Same Older Rodgers, quarterback of Dead Team Walking.
Team Dysfunction, take a bow.
Woody Johnson, take a bow. Firing Robert Saleh hasn’t worked. Acquiring Davante Adams and Haason Reddick hasn’t worked.
And at 3-7, Aaron Rodgers hasn’t worked.
He has given us flashes of MVP Rodgers, but not nearly enough of them.
The Pass-Fail grade: Fail.
“It’s been lot of emotions this year, for sure,” Rodgers said.
He politely said this was not the time or the place to elaborate on it.
“But at some point, I’ll give you a better answer,” Rodgers added.
Yards per attempt: 4.3. Longest completion: 15 yards to Breece Hall. Longest completion to Adams: 14 yards. Longest completion to Garrett Wilson: 12 yards.
“You’re not gonna beat anybody scoring six points,” Rodgers said.
Once upon a time, he could score six points in his sleep. Or in his cheesehead.
Adams once said that Rodgers had the Michael Jordan Effect in Green Bay.
“If Michael Jordan was on this team, he wouldn’t be happy,” Adams said.
Rodgers bemoaned not targeting TE Tyler Conklin during the goal-line follies that could have made it a game. Adams bemoaned not catching one of the two passes to him that may or may not have been tipped.
Visions of Super grandeur were an illusion and a delusion.
The 3-7 Jets are still mathematically alive.
But not mentally, emotionally or spiritually.
Dead Team Walking — limping, crawling — towards a 14th consecutive season without a playoff berth.
A 40-year-old quarterback no longer the Same Old Rodgers and a season left stranded in the desert.

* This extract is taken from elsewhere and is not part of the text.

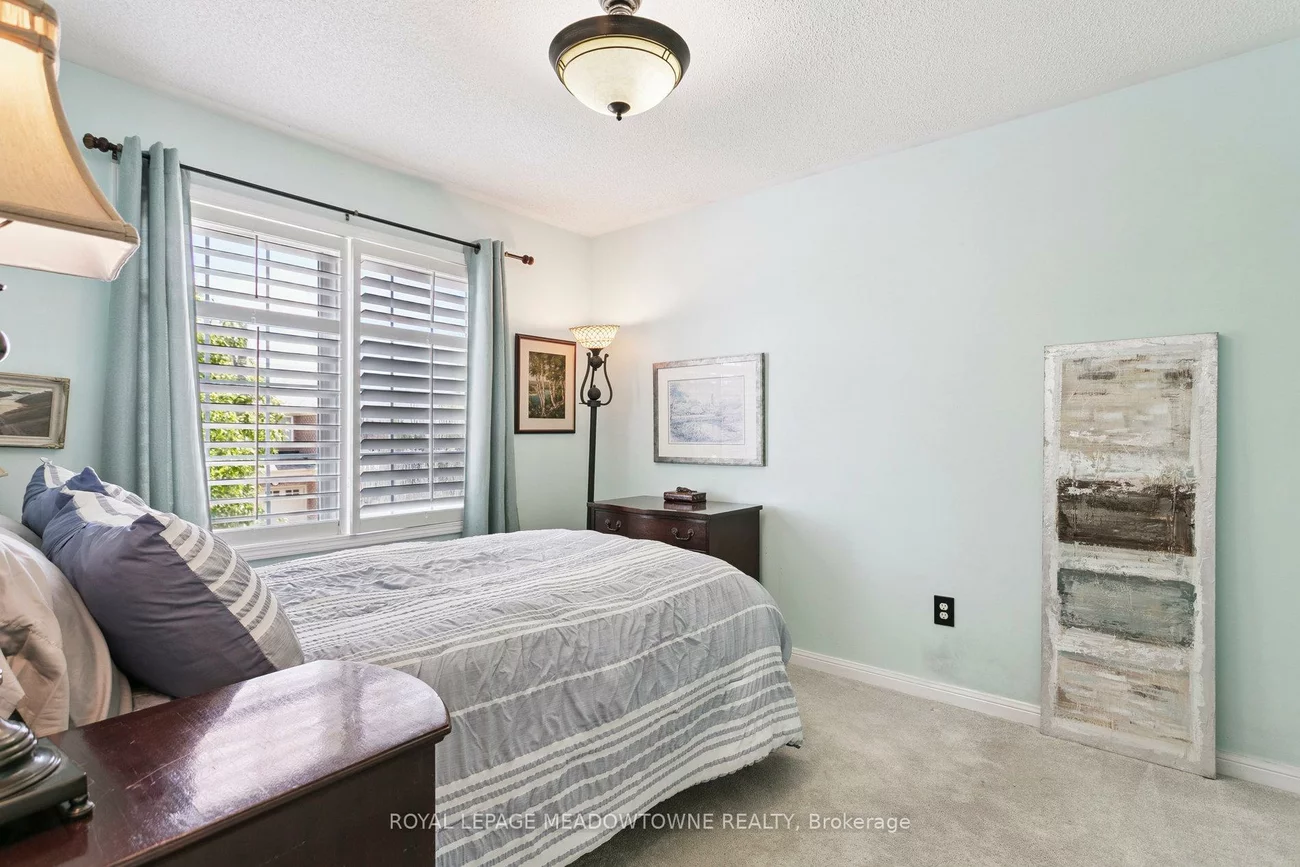 1325, Ashwood, 1022 - WT West Oak Trails, Oakville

What went wrong? “Situational football. Third down. Red zone,” Rodgers said.
The Cardinals were the more desperate team. That is disgraceful. The Cardinals wanted it more. That is shameful. The Cardinals were the more physical team. The Jets were the softer team.

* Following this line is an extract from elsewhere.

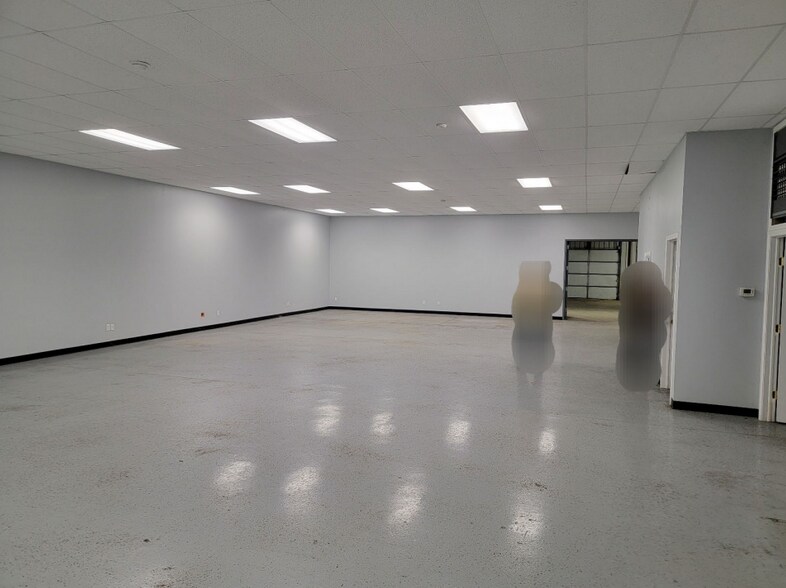 More Photos Of 2486-2498 State Route 12B, Hamilton Warehouse For Lease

This so-called Dream Team is officially a nightmare to all Jets fans.
There was no oasis in the desert for Rodgers, no fountain of youth for him to look and feel Forever Young.
He has lifted teams in their most desperate hour, but not this one, not here, not now.
Rodgers’ 40-year-old body had been energized by the 10-day rest, and there was optimism among the Jets that he could begin to lead them on a long-shot playoff run.
The offensive line had returned intact.
Adams (zero first-half catches, 6-31) and Garrett Wilson (5-41) were again primed to catch fire.
Same Older Rodgers, quarterback of Dead Team Walking.
Kyler Murray (22-24, 266 yards. 1 TD, 3-21-2 TDs rushing) toyed with the Jets defense, appropriately known as Gang Green, which was undisciplined and too often incapable of professional tackling. Murray threw for 199 yards in the first half. Rodgers, attempting to establish the running game, threw for 40 yards.
The Jets showed no fight even after Quincy Williams sent Murray’s helmet flying with a violent sack midway through the second quarter.
Here’s how the Jets defense responded: Murray, third-and-10, hit TE Trey McBride for 13 yards, and Murray found Marvin Harrison Jr. against D.J. Reed with the 9-yard TD and it was 21-6.
There had already been a Reed pass interference in the end zone to set up Murray’s 1-yard TD jog around left end, Sauce Gardner getting shrugged off on a 17-yard gain on third-and-7 by McBride, a missed tackle by Jalen Mills on a 44-yard reception by James Conner.
So the Jets needed Rodgers to fight fire with fire and go toe-to-toe with Murray.
“31-6 is unacceptable,” Wilson said. “We have a team that can go out and play with anybody, but we just continue to not do it when it matters.”
Rodgers came here to change all that. Same Old Jets. Same Older Rodgers, quarterback of Dead Team Walking.